Havia também um programa dedicado à redifusão de clássicos franceses, e cuja abertura, sobretudo, me fascinava... Ela se apresentava como um quebra-cabeça, feito de pedaços da antologia do repertório - e esse panteão acelerado saciava meu gosto pelos passeios elíseos, pelas retrospectivas líricas. Em alguns minutos, eles liberavam o essencial do que me encantava nesses filmes: seu caráter de objeto morto e contemplado pela eternidade, consagrado por gerações de cinéfilos das quais meus pais tinham participado, introduzido numa lenda ainda meio viva... Do mesmo modo que, percorrendo minhas fotos de família, ou passeando entre os nomes gravados nas pedras dos cemitérios, eu procurava ali os traços de uma morte possível na vida, de uma vida contida na morte, de uma aliança mágica entre esses dois reinos... E isso era também o que me fazia amar os necrológios de atores célebres: quando meu pai abria um jornal no qual se espalhava uma imensa foto de Maurice Chevalier, quando a televisão oferecia a crônica cotidiana dos últimos dias de Pierre Fresnay, eu acreditava assistir aos sinais de uma ressurreição. Primeiro porque eu não conhecia essas pessoas, e que na hora da sua morte eles se animavam, para mim, com uma vida nova, conservada pelos comentários dos meus pais e dos jornalistas, pelas homenagens que me pareciam uma festa... Sobretudo, porque eu queria ver ali um retorno do passado na espessura do presente, uma brecha cavada no tempo e por onde eu poderia perceber a eternidade, por onde a morte seria negada - porque gerações tão distantes poderiam falar uma com a outra e transmitir seus segredos.

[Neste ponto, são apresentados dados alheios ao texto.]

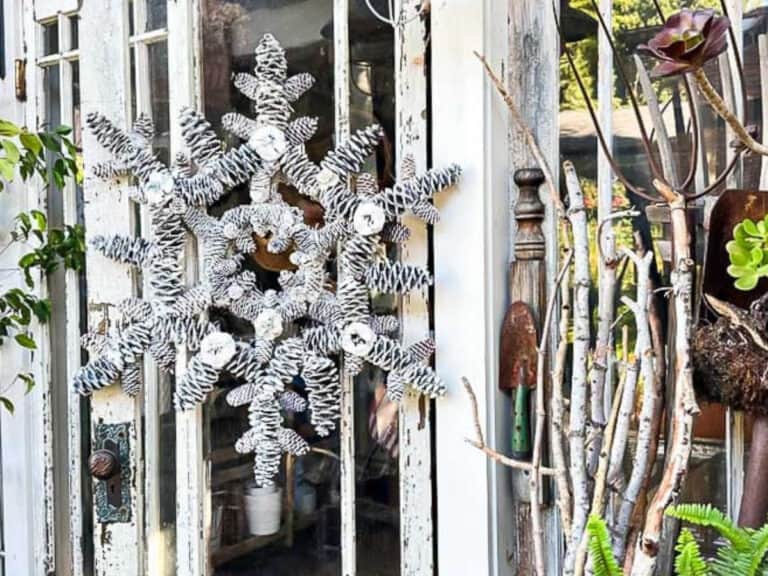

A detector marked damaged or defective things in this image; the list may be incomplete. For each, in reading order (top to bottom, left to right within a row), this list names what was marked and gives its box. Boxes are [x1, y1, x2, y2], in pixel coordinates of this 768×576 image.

chipped paint surface [396, 2, 438, 572]
rusty metal trowel [500, 302, 536, 500] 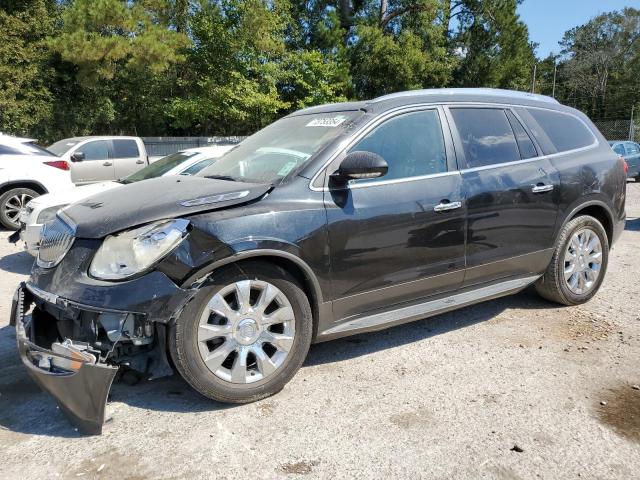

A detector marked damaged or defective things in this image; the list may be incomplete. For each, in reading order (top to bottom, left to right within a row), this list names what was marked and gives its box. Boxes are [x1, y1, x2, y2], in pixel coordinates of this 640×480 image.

cracked headlight [90, 218, 190, 280]
damaged black suv [12, 88, 628, 434]
crushed front bumper [13, 282, 118, 436] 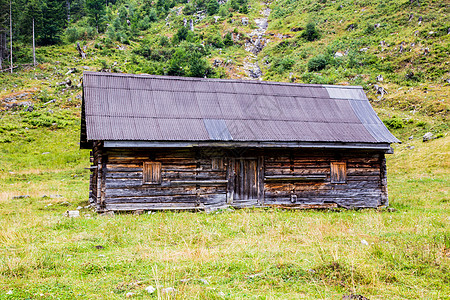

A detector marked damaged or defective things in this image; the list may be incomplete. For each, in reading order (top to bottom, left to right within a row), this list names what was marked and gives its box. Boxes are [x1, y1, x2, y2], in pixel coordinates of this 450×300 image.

rusty roof panel [81, 71, 398, 144] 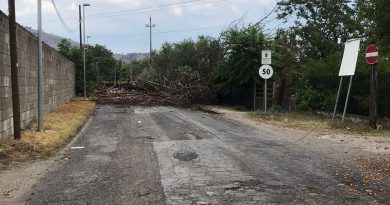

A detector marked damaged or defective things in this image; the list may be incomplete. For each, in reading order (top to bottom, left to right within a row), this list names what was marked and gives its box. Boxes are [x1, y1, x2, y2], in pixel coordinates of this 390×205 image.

cracked asphalt surface [23, 105, 386, 204]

O ápice da minha exaltação, foi o imaginário histórico de Sacha Guitry. Eu amei até a obsessão a história da França, quer dizer, a história dos reis que fizeram a França, aquela que eu tinha descoberto nos meus livros de imagens... Era preciso então que eu encontrasse Guitry - e foi numa noite carregada de tempestades, na qual meu pai nos trazia de volta no carro, em que eu me desesperava por perder o começo do filme, em que assim que chegamos eu me joguei sobre o televisor para mudar de canal... Meu irmão via um jogo de futebol, e do mesmo modo que anteriormente eu lhe tinha proibido Cinderela, eu lhe infligia a passagem para No Castelo de Versalhes. Era a cena em que Luís XIV/Guitry repudia a sua amante, Madame de Montespan/Claudette Colbert - e eu estava tão capturado por essa misoginia sem réplica, por essa teatralidade altaneira, sobretudo pelo plano do lenço embebido na água que o monarca torce num copo... Me parece que tudo nessa sequência, respondia à minha emoção antecipada, à minha violência, ao clima fervoroso que eu tinha preparado em torno do filme: era como uma grande missa cuja audiência eu impunha aos meus pais, uma espécie de vida mais verdadeira que a vida e diante da qual convinha se curvar.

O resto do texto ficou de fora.